|Go Tell it on the Mountain
Grades: Grades 10-11
John Grimes is an African-American teenager living in Harlem in 1935.
He hates and fears his stepfather, Gabriel, an overbearing, disapproving
Pentacostal preacher who prefers John's younger brother Roy. (John does
not know that Gabriel is not his natural father.) On his 14th birthday,
John explores downtown New York, returns home to witness a violent family
argument, then leaves to prepare the church for an evening service.
During the service, John's stepfather, mother, and aunt relive the past
in their minds. All three moved from the South to the North to improve
their lives but found only frustration and bitterness. As the adults
pray, John undergoes a dramatic religious experience in which he faces
the suffering that is his heritage. At dawn he arises, feeling a new
joy and strength.
- Background Music.
To help students appreciate the religious environment of the novel,
play a recording of spirituals or gospel music.
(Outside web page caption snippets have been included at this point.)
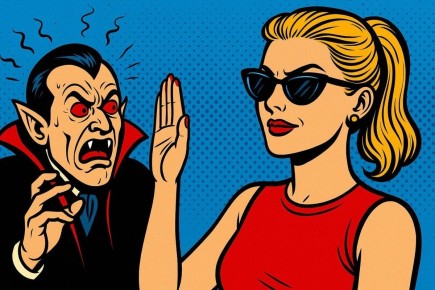 Эмоциональное вампирство: как запутанные благие намерения могут высосать вашу энергию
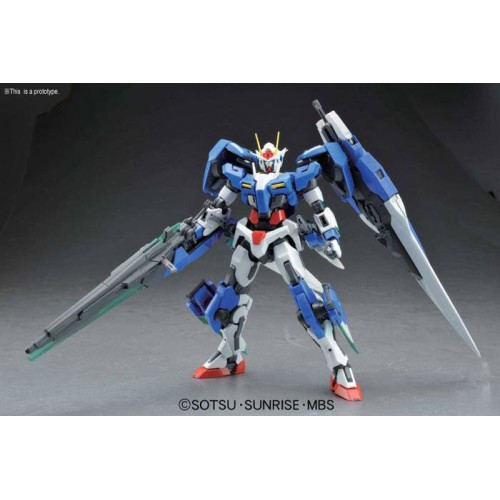 1/100 MG OO Gundam Seven Sword /G
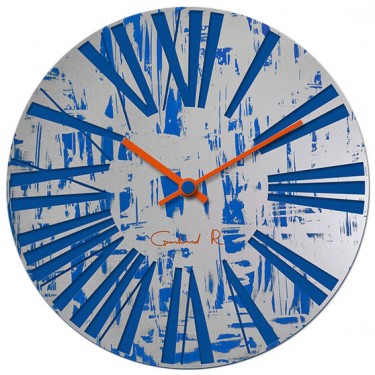 Настенные часы Kitch Clock GR-R-006-35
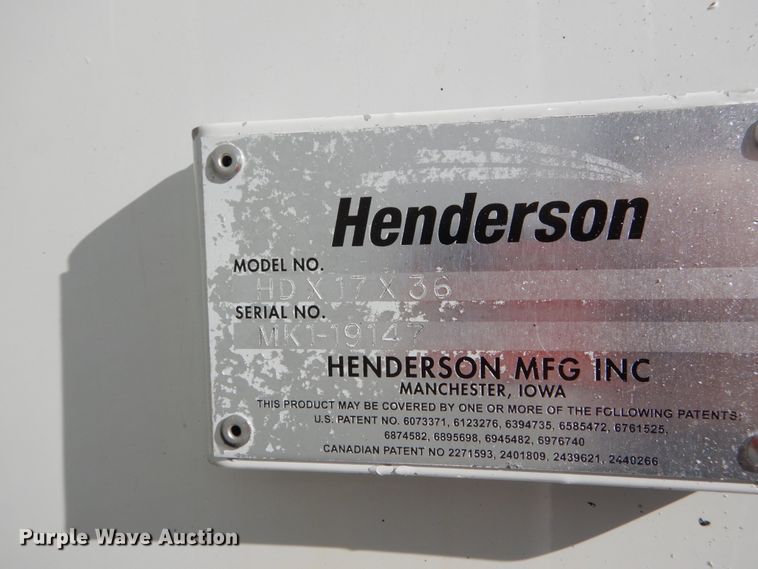 image for item DH5039 2007 Sterling Acterra dump truck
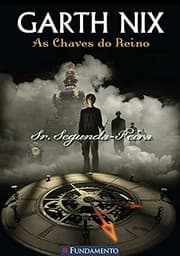 Tapa de As Chaves Do Reino 1 - Sr Segunda-feira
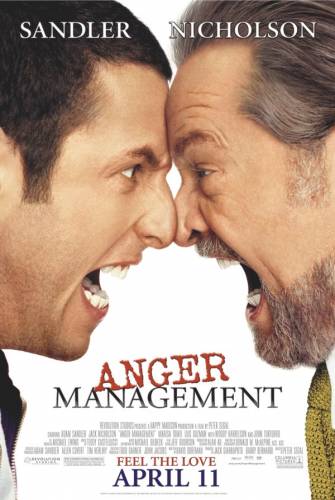 Dusmu terapija / Anger Management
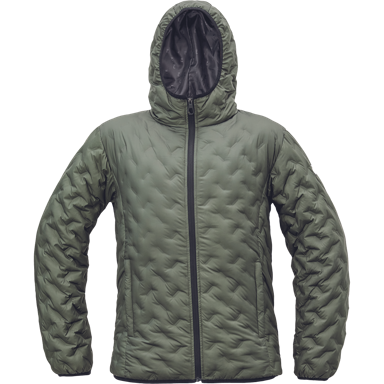 CERVA Perjana jakna Neurum veličina 3XL tamno maslinasta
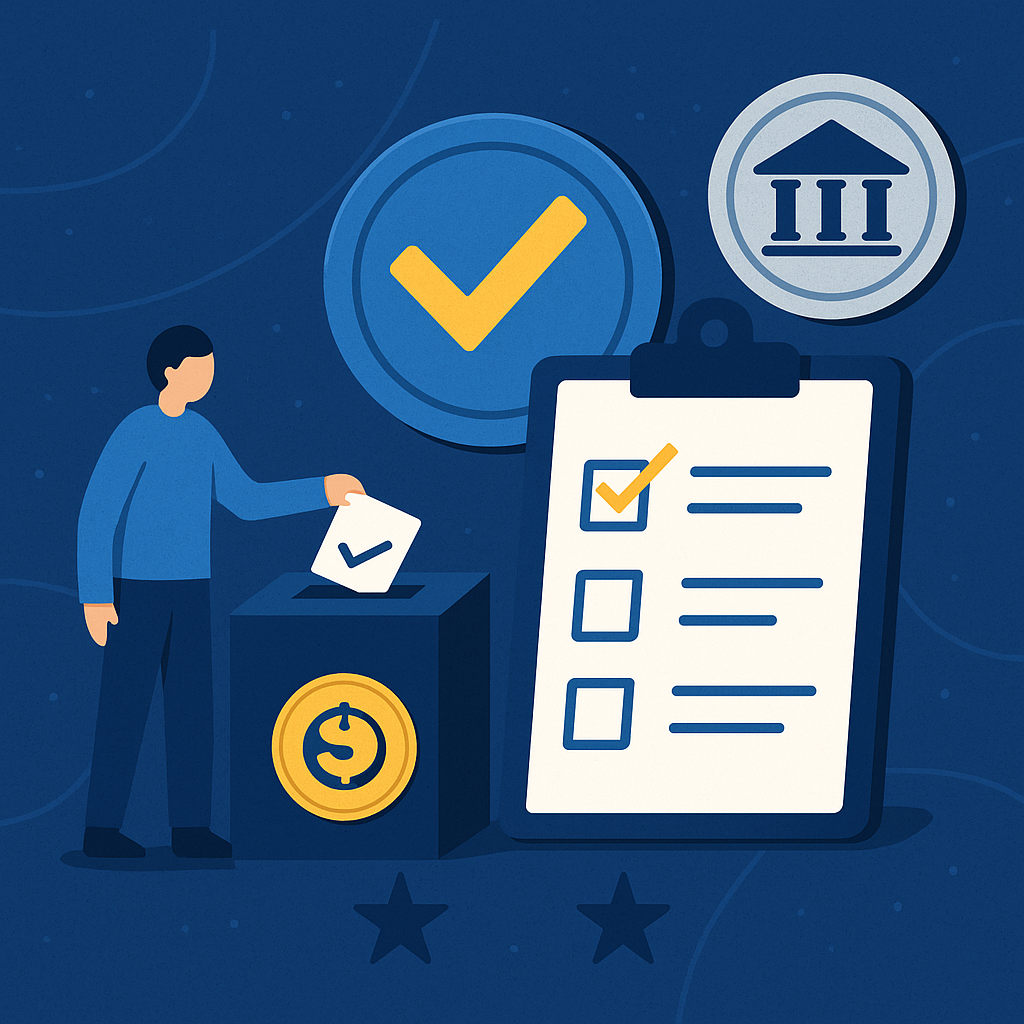 Governance Tokens: Voting in Crypto Projects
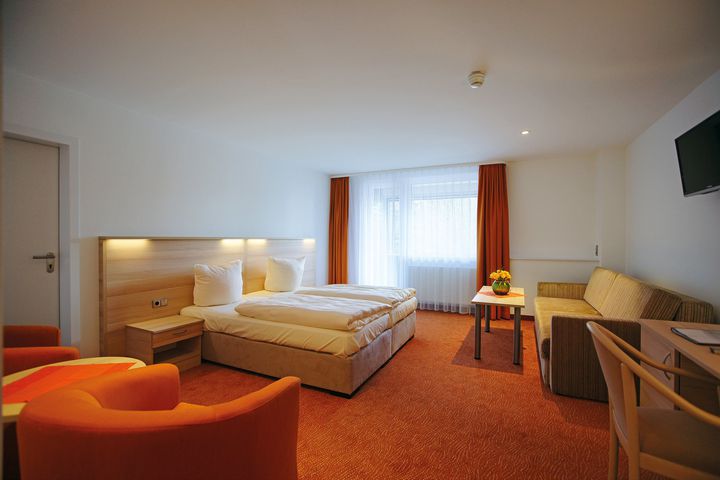 Hotel & Ferienpark IFA Schöneck billig / Erzgebirge Deutschland verfügbar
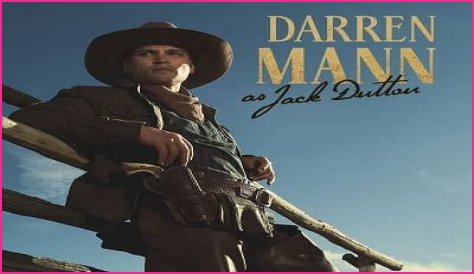 Darren Mann Wiki, Age, Wife, Girlfriend, Birthday, Height, Family, Net Worth & More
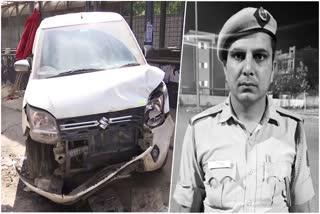 Delhi Police Constable Death in Road Rage Incident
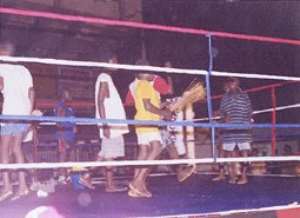Take action to revamp Boxing - Retired Boxer
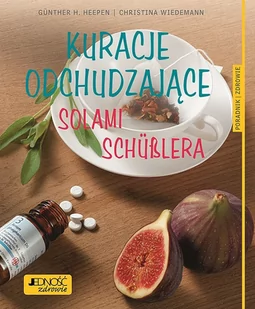 KURACJE SOLAMI DRA SCHUSLERA GUNTHER H HEEPEN - Zdrowie - poradniki - miniaturka - grafika 2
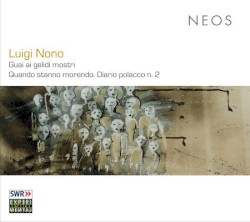 Guai ai gelidi mostri / Quando stanno morendo. Diario polacco n. 2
- Tapping Prior Knowledge: Parent/Child Relationships.
A central conflict in Go Tell it on the Mountain is a teenage
boy's troubled relationship with his stern and disapproving father.
Have students imagine themselves living in a poor family headed by
a strict, religious father who wants them to do nothing but go to
church. Ask students to role-play the various reactions a teenager
might have to to such a situation.
Fire and Brimstone.
Have students prepare a dramatization of one of Gabriel's sermons,
such as the one at the Twenty-Four Elders Revival Meeting or the
one that Esther and her mother attend. Students might watch a videotape
of an African-American minister giving a sermon or a speech to try
to capture the rhythm of the speaking style. The videotape of the
"I Have a Dream" speech by Dr. Martin Luther King, Jr. is one possibility
that is available in many libraries.
- Mixed Media.
Ask students to make a collage depicting their impressions of some
aspect of the novel, such as John's vision, John's home, or Harlem
life. Remind students that in collages, they can combine drawing or
painting with photographs, newsprint, fabric, colored paper, or other
- The Great Migration.
Gabriel, Elizabeth, and Florence were all part of the Great Migration
of African Americans from the South to the North during the early
1900s. But their hopes and dreams were dashed. Ask students: How typical
were their experiences? Did the Great Migration result in any success
stories? Did some African Americans improve their lives? Have students
investigate the history of the Great Migration and prepare a report
on the experiences of African Americans, both positive and negative.
- Biblical Allusions.
Have students research one of the Biblical allusions from the novel,
such as the reference to Ezekiel's wheel or Jacob's Ladder. Have them
write a short essay identifying the source of the allusion and explaining
its meaning and significance in the novel.